Sonnen, who’s 30, was a star by high school after he battled at Nationals his junior and senior years. At Oregon, he wrestled in the NCAA Tournament and, his sophomore year, earned All-American honors.
Now, big spenders have dropped as much as $750 to see him fight – and Sonnen gets $35,000 just to step in the ring.
Last time Sonnen went to a Blockbuster, he found his picture on a UFC DVD while making the obligatory new arrival loop.
“It’s bizarre,” said Sonnen, who fights at 185 pounds. “They took a little action still and put it on the back of the movie box. The first one I saw was me screaming in pain.”
His career hasn’t been nearly as painful as its been eye opening.
“I am a country boy so all of the other stuff is interesting,” Sonnen said.
UFC’s Growing Popularity
The Ultimate Fighting Championship, an increasingly popular U.S.-based mixed martial arts organization, can be seen on Spike TV in 36 different countries, which paid $100 million to air fights next year. Pay-per-view and at-gate profits have also been unprecedented, a sign that mixed martial arts has eclipsed boxing and professional wrestling’s popularity, Sonnen said.
“Don King and Vince McMahon can’t say they got that much,” said Sonnen, who has a competition record of 22 wins, eight losses and one draw. “I think the idea that boxing’s champ of the world should be the toughest was dispelled pretty quickly by the UFC.”
Though Sonnen has fought in Costa Rica, Canada, Russia, Brazil, Japan and the United Arab Emirates, he’ll be back home on Oct. 27, headlining SportFight XX.
The event, to be held at the Rose Garden Arena, will include a showcase match between Kacey Uscola, a member of Ken Shamrock’s Lion’s Den team, and Sonnen.
As always, Sonnen has no plans of straying from his style, which he calls “vale tudo” – Portuguese for “anything goes.”
“A fight should involve, elbows, knees, feet,” Sonnen said.
And if Sonnen wins, odds are that he’ll have beaten his opponent into the ground.
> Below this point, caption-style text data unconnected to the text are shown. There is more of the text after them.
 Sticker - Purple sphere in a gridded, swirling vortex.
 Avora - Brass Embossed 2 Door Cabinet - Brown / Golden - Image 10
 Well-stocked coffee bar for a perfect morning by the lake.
“That’s my style,” said Sonnen, who trains with a group of 11 fighters called Team Quest. “Ground and pound.”
The ground is where Sonnen wants to be.
“That’s where I can take them down and pound them repeatedly,” he said.
Rising Up the Ranks
Randy Couture, the current UFC Heavyweight Champion, was an assistant wrestling coach and strength and conditioning coach at Oregon State University.
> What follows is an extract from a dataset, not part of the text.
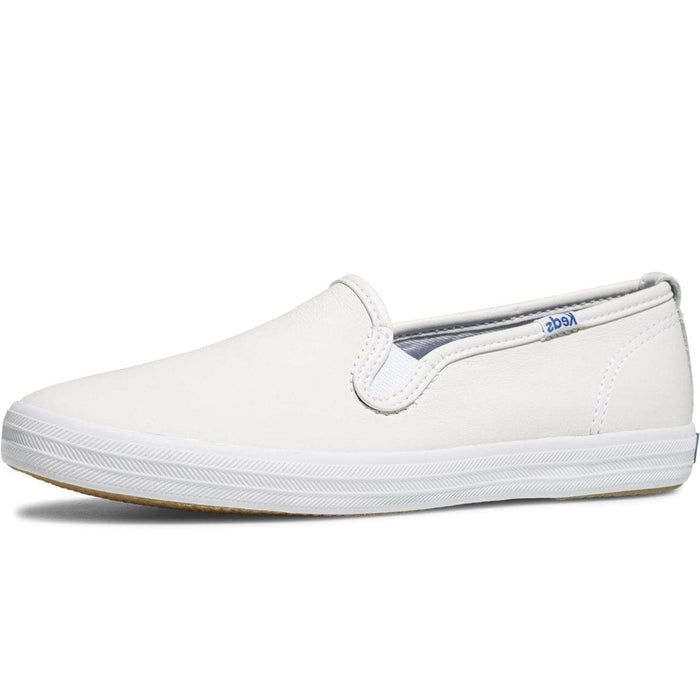 Keds Women's Champion Slip-On Sneaker, White Leather, 9 Wide, Classic Comfort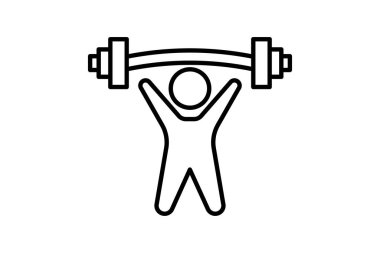 Halter ikonu. Adam halteri kaldırıyor. Fitness ile ilgili bir ikon, sağlıklı yaşam. Satır simgesi tasarımı. Basit vektör tasarımı düzenlenebilir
Couture wanted Sonnen to come to Corvallis, but Sonnen decided to become a Duck.
The UFC Hall of Famer didn’t take it personally though.
“You can learn so much from a guy who never takes a practice off, no matter how good or bad he feels,” Sonnen said.
The two trained constantly in 1999, one of two years Sonnen finished second in the Pac-10s. A year later, Sonnen trained with the Olympic team.
Now years removed from his college experience, Sonnen has nothing but fond memories of his years in Eugene, where he attended the University from 1996-01.
Sonnen left with a degree in sociology and an unshakable, bordering intractable attitude that he’d be a UFC fighter.
“That is a frustrating part about being a pro fighter,” Sonnen said. “There is no competitive architecture. The UFC has their own recruits.”
So Sonnen kept fighting until his time came.
“I was doing that on the assumption that eventually it would catch the eye of the UFC.”
It was at an Indian Reservation in California that Sonnen got his first taste of big-ticket fighting. He got $1,000 to fight Jason “Mayhem” Miller in 2002 in front of a horde of beer-guzzling bikers.
Eventually, UFC vice president Joe Silva gave Sonnen the call to join the UFC right before a fight in 2005.
Now, Sonnen fights at top-tier venues, in front of thousands of spectators who pay hundreds of dollars to watch the show. Sonnen gets $35,000 to fight in UFC events and an extra $5,000 if he wins.
He’s fought in three UFC fights, including one at the Mohegan Sun in Connecticut where he lost to Renato “Babalu” Sobral in October of 2005.
“I was caught in a choke hold and found myself in a submission,” Sonnen said.
Last year in February, Sonnen earned another rematch, but this time against a different opponent. Sonnen took down Trevor Prangley in a unanimous victory. Last May, he lost to Jeremy Horn in a battle at the Staples Center.
But Sonnen’s defeats? Well, he disputes all but one.
“I did get beaten up once,” Sonnen said.